TASK PROMPT.
Where an entry holds an image, skip the image but reproduce the rest word for word.

Records excerpted from a collection:
◆ ◆ ◆

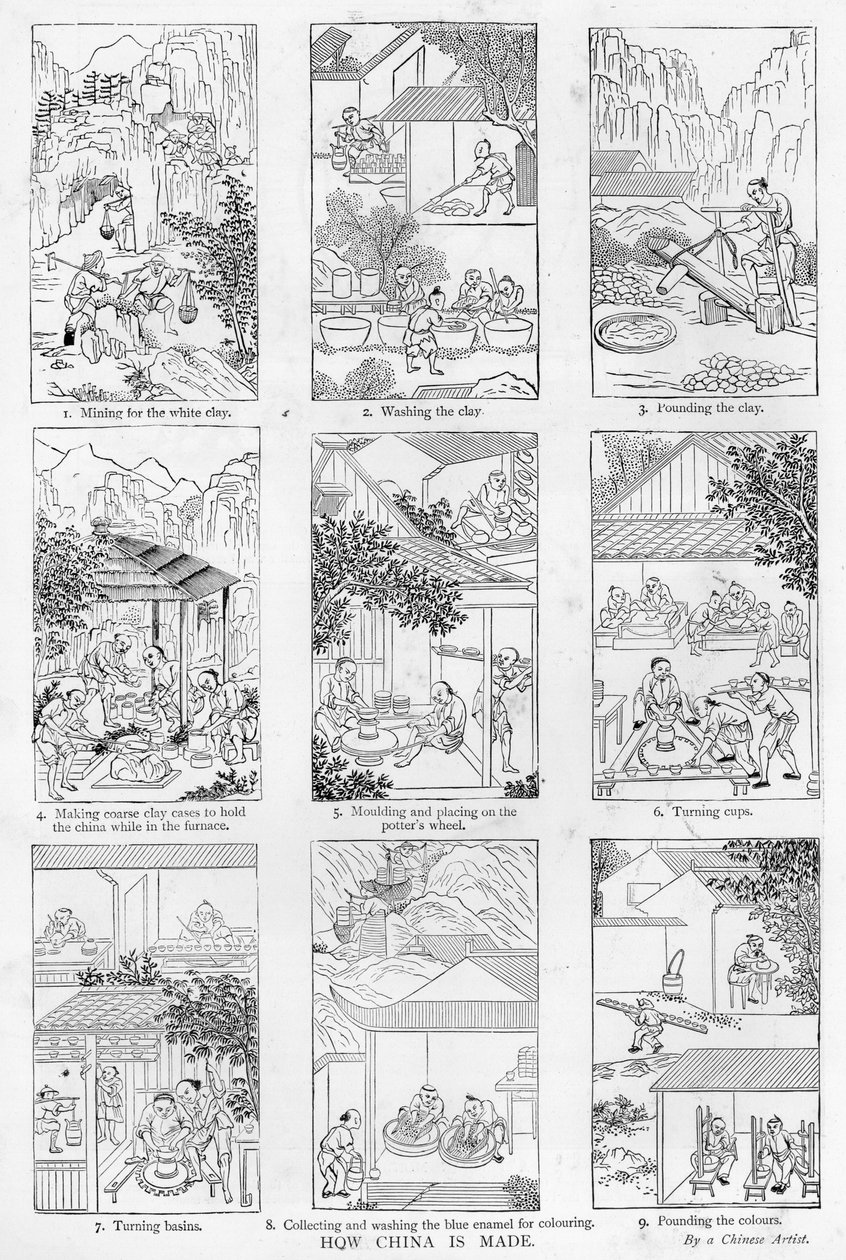 Výroba porcelánu (viz také 384117) od Chinese School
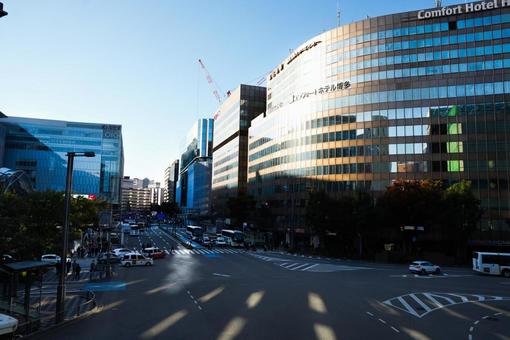 博多 博多,博多駅前,博多駅の写真素材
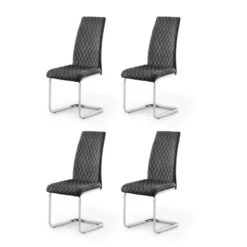 Calabria Set Of 4 Dining Chairs, Velvet -Julian Bowen 30794167 alt02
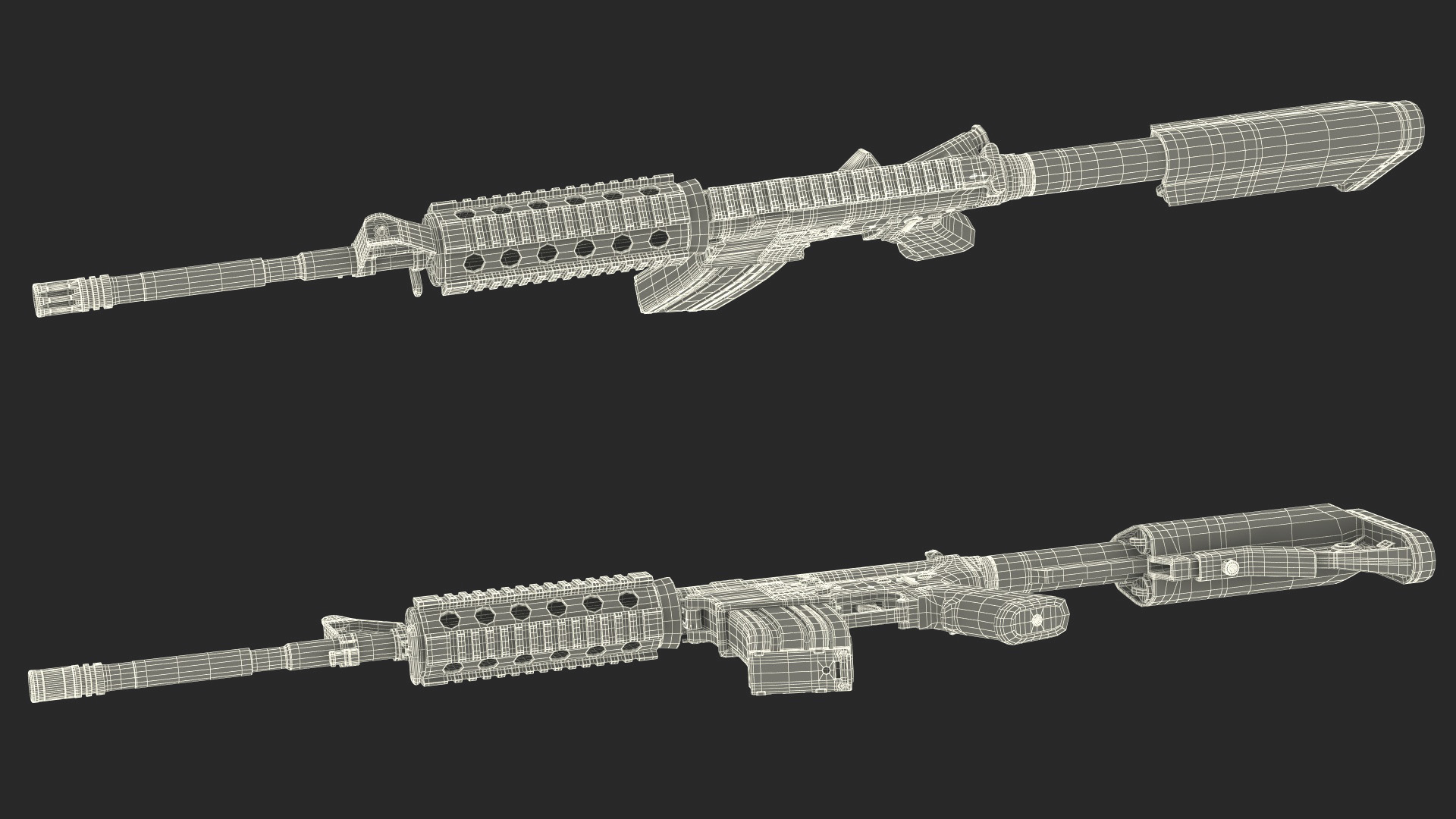 3D M4 Assault Rifle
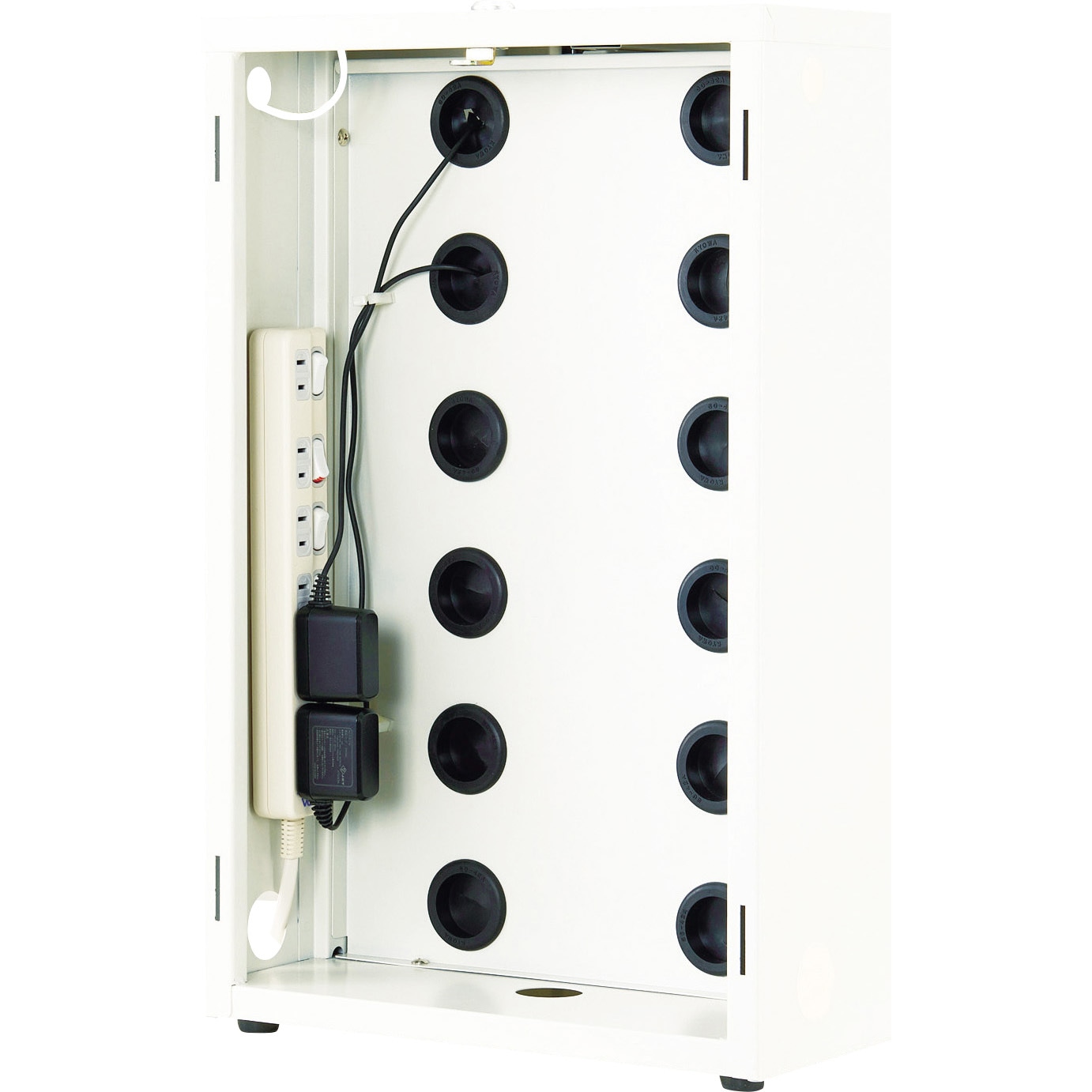 【TRUSCO】スマホ デジカメ収納ロッカー 12台用 SPL-12 鍵付 SPL-12 スマホ収納ロッカー 1台 TRUSCO 【通販モノタロウ】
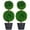 Green#85, variant on Artificial Plants HOMCOM Set of 2 15.75 Inch Artificial Ball Boxwood Topiary Trees Balls, Indoor Outdoor Fake Plants for Home, Office & Living Room Decor,House Plants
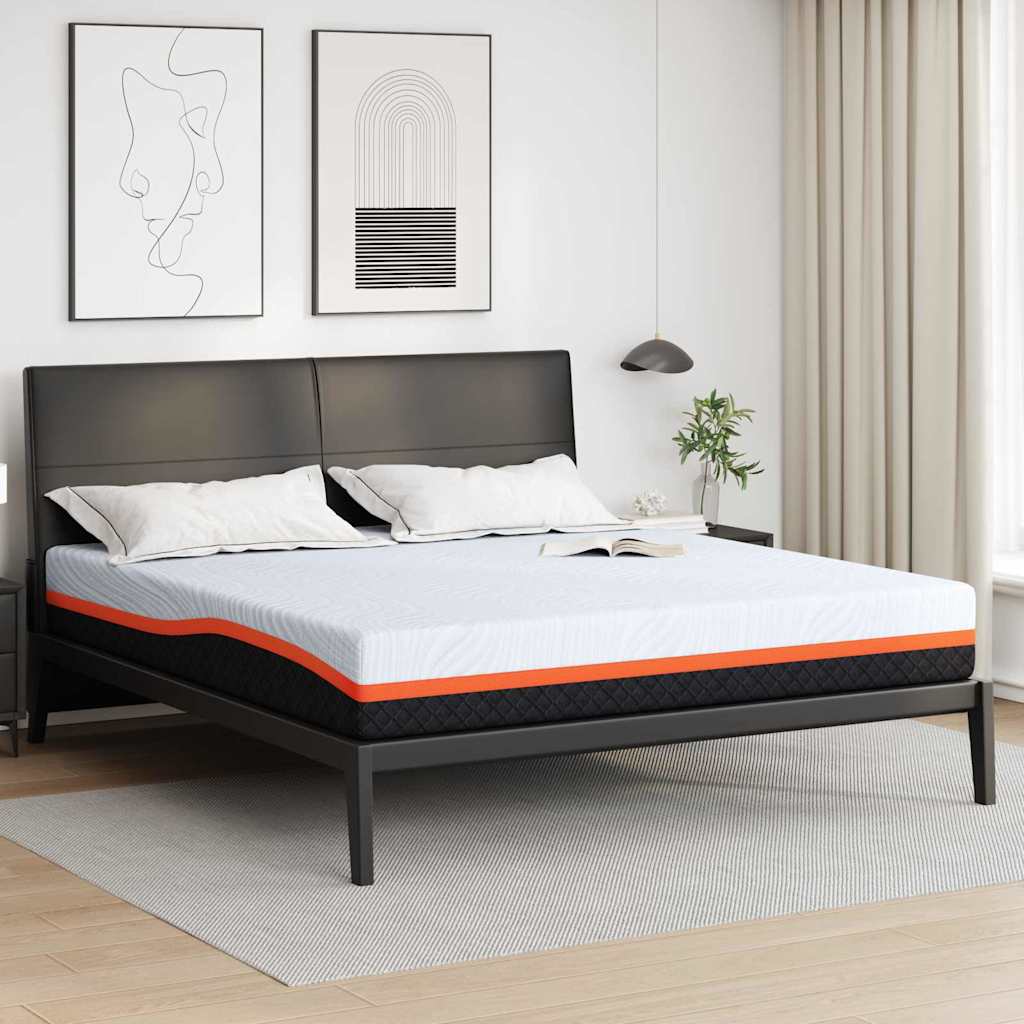 Madrac Bijela i siva 200 x 200 cm Žakar tkanina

◆ ◆ ◆

WRITTEN ANSWER.
 Výroba porcelánu (viz také 384117) od Chinese School
 博多 博多,博多駅前,博多駅の写真素材
 Calabria Set Of 4 Dining Chairs, Velvet -Julian Bowen 30794167 alt02
 3D M4 Assault Rifle
 【TRUSCO】スマホ デジカメ収納ロッカー 12台用 SPL-12 鍵付 SPL-12 スマホ収納ロッカー 1台 TRUSCO 【通販モノタロウ】
 Green#85, variant on Artificial Plants HOMCOM Set of 2 15.75 Inch Artificial Ball Boxwood Topiary Trees Balls, Indoor Outdoor Fake Plants for Home, Office & Living Room Decor,House Plants
 Madrac Bijela i siva 200 x 200 cm Žakar tkanina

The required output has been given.